● **TASK GOAL**
Starting with the line below that holds "뽀송세탁전문점 이미지" and stopping after the line that holds "Sprinter Release Bearing", transcribe the lines exactly, leaving out all pictures.
[INFORMATION SHOWN — start]
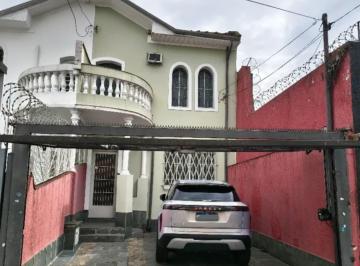 Comercial · 105m² · 2 Vagas · Casa comercial na Rua Ezequiel Freire, 289 • 105 m²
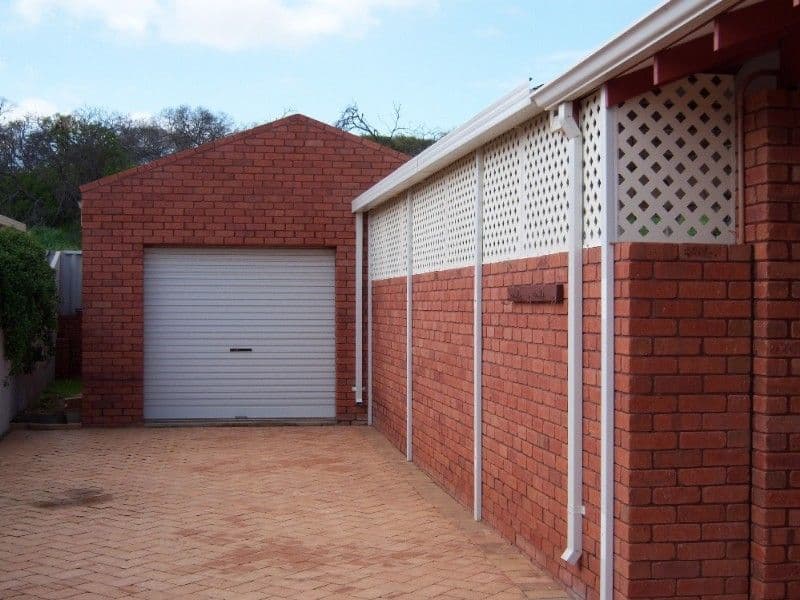 18 Urawa Street, MOUNT TARCOOLA WA 6530, Mount Tarcoola - Thumbnail 6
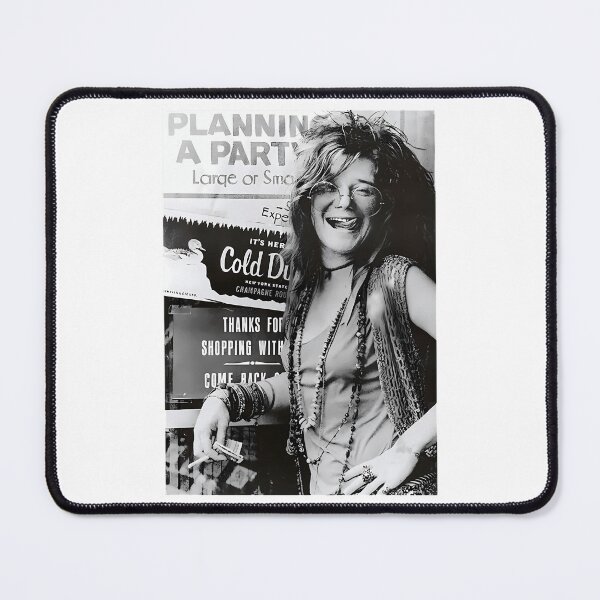 Item preview, Logo Retro Albums Vintage Alternative Tour Singer designed and sold by ImpBlankenshi.
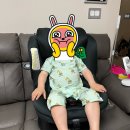 뽀송세탁전문점 이미지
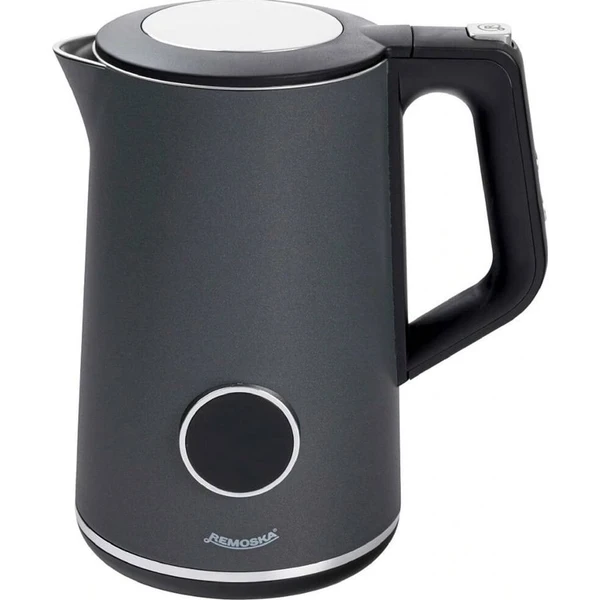 Remoska® R307001: Product review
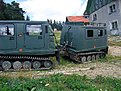 Натиснете снимката за да я уголемите

Име:image0003.jpg
Прегледи:446
Размер:458.2 КБ
ID:5114450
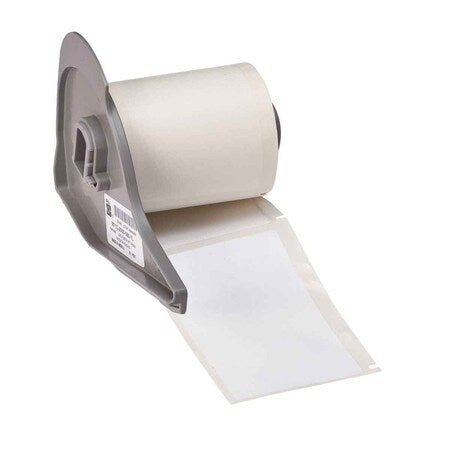 Brady Safety Sign M7-37-422 - product photo 1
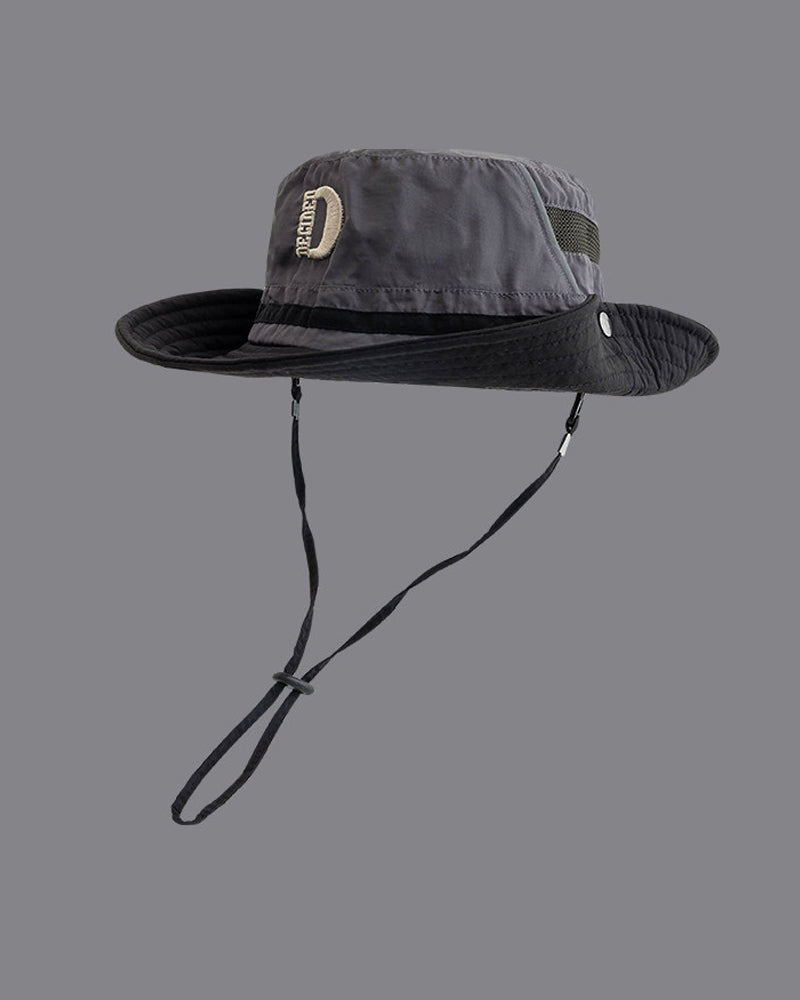 Hiking Sun Hat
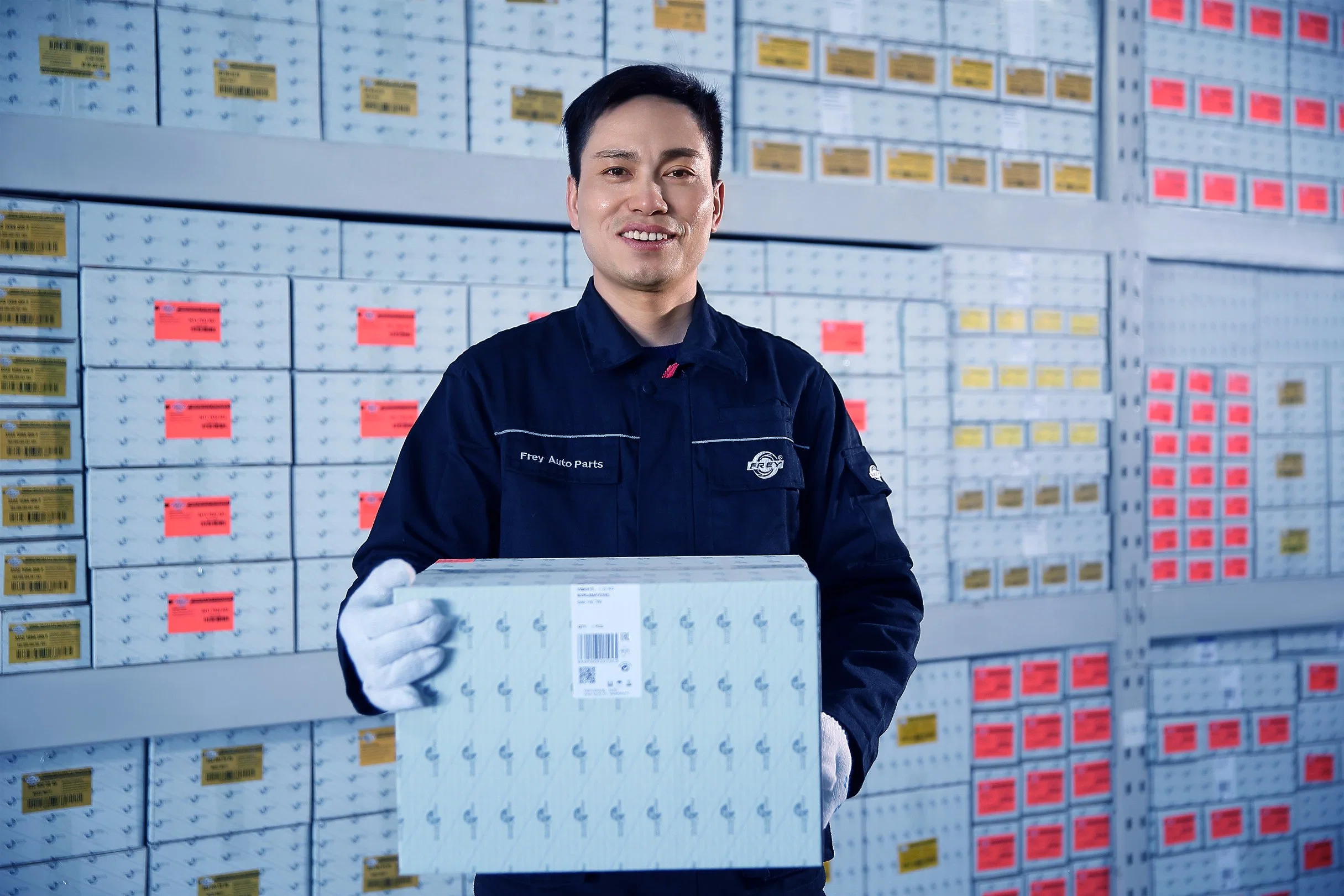 Sprinter Release Bearing Clutch Concentric Slave Cylinder Csc Central OEM0002541608 0002542508 Frey Spare Part for Best Quality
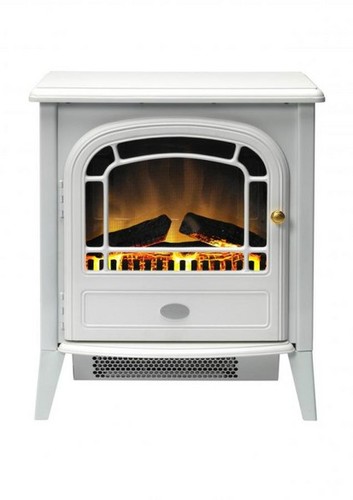 Dimplex courchevel optiflame - courchevel,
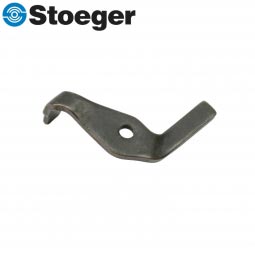 Stoeger Cougar Firing Pin Block Lever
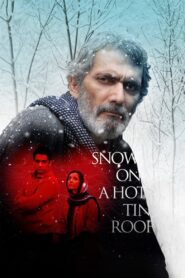 Snow on a Hot Tin Roof 2011 on netflix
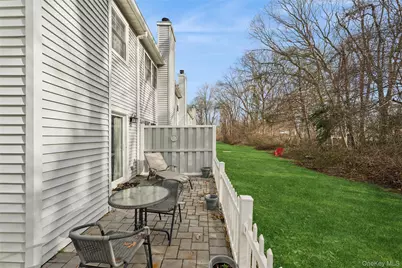 606 Sara Circle, Port Jefferson Station, NY 11776 - Photo 15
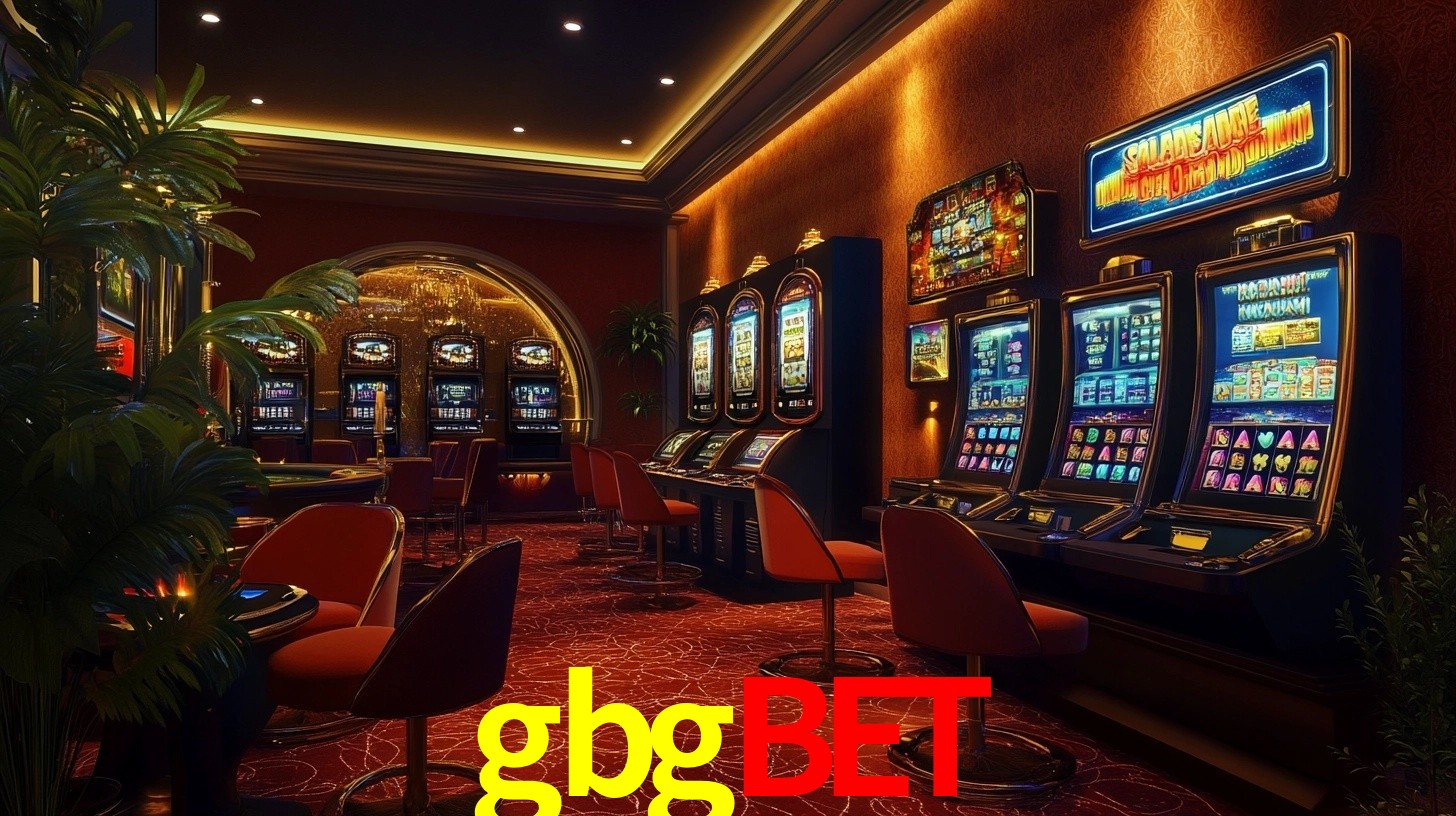 Programa VIP gbgbet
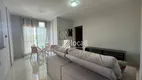 Foto 4 de Apartamento com 2 Quartos para venda ou aluguel, 70m² em Vila Itália, São José do Rio Preto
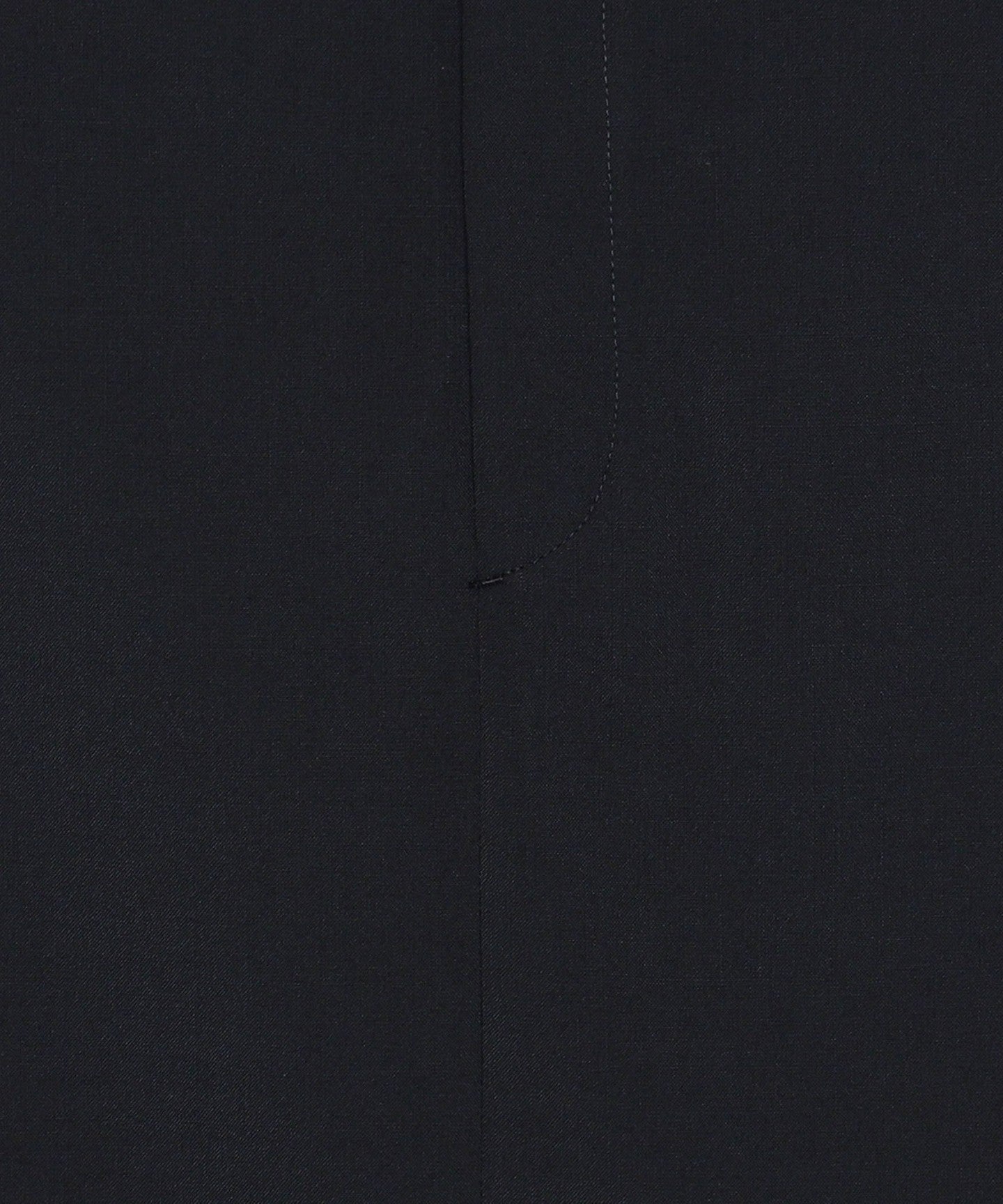 16242993946-d13.jpg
[INFORMATION SHOWN — finish]
● **ANSWER SECTION**
 뽀송세탁전문점 이미지
 Remoska® R307001: Product review
 Натиснете снимката за да я уголемите

Име:image0003.jpg
Прегледи:446
Размер:458.2 КБ
ID:5114450
 Brady Safety Sign M7-37-422 - product photo 1
 Hiking Sun Hat
 Sprinter Release Bearing Clutch Concentric Slave Cylinder Csc Central OEM0002541608 0002542508 Frey Spare Part for Best Quality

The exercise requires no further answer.